6.3 De Kamer acht het verzet en de klacht gegrond en ziet aanleiding tot het opleggen van na te noemen maatregel.
6.4 Op grond van het voorgaande wordt beslist als volgt.
De Kamer voor Gerechtsdeurwaarders:
- verklaart het verzet gegrond;
- vernietigt de beslissing van de voorzitter;
- verklaart de klacht gegrond;
- leg aan de gerechtsdeurwaarder de maatregel van berisping op.
Aldus gegeven door mr. A.W.J. Ros, plaatsvervangend-voorzitter, mr.

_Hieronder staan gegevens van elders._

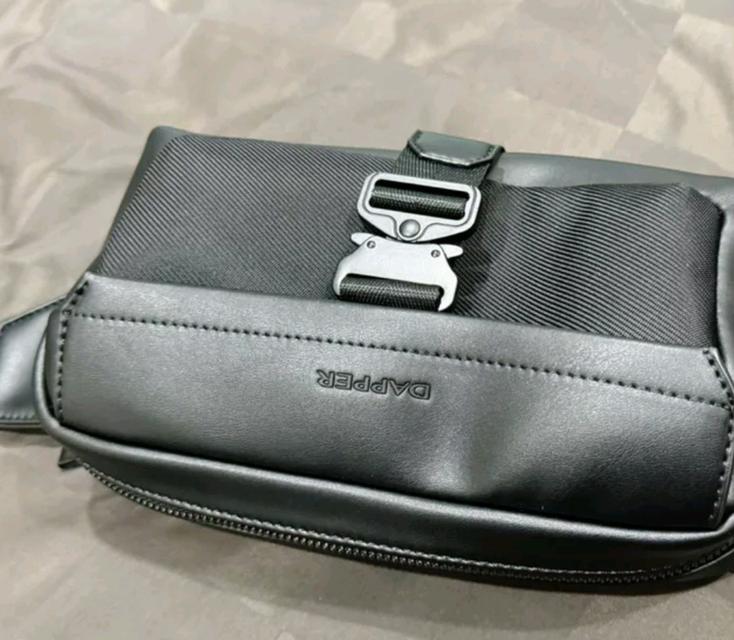 Dapper Monochrome Buckle Belt Bage 2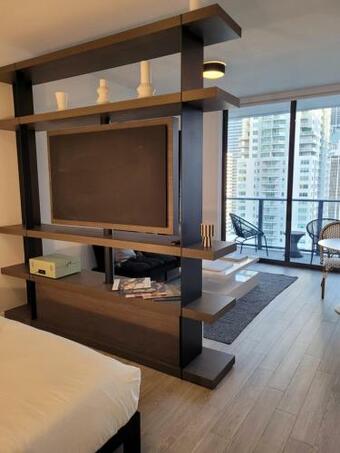 Apartamento Lovely Condo Studio Unit With Roof Top Pool And 24/7 Gym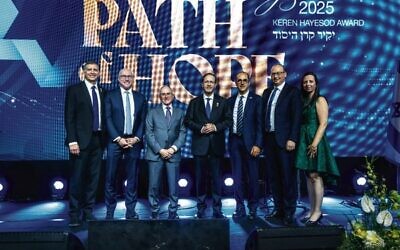 From left: Sam Grundwerg, Oren Kaplan, Michael Cape, President of Israel Isaac Herzog, Bruce Leboff, Rafi Lamm, Edna Weinstock-Gabay.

J.H. Dubois en M.J.-M.L. Baudoin (plaatsvervangende) leden en uitgesproken ter openbare terechtzitting van 29 juni 2010 in tegenwoordigheid van de secretaris.
Tegen deze beslissing kan binnen dertig dagen na dagtekening van verzending van het afschrift van de beslissing hoger beroep worden ingesteld bij het Gerechtshof te Amsterdam, Postbus 1312, 1000 BH Amsterdam.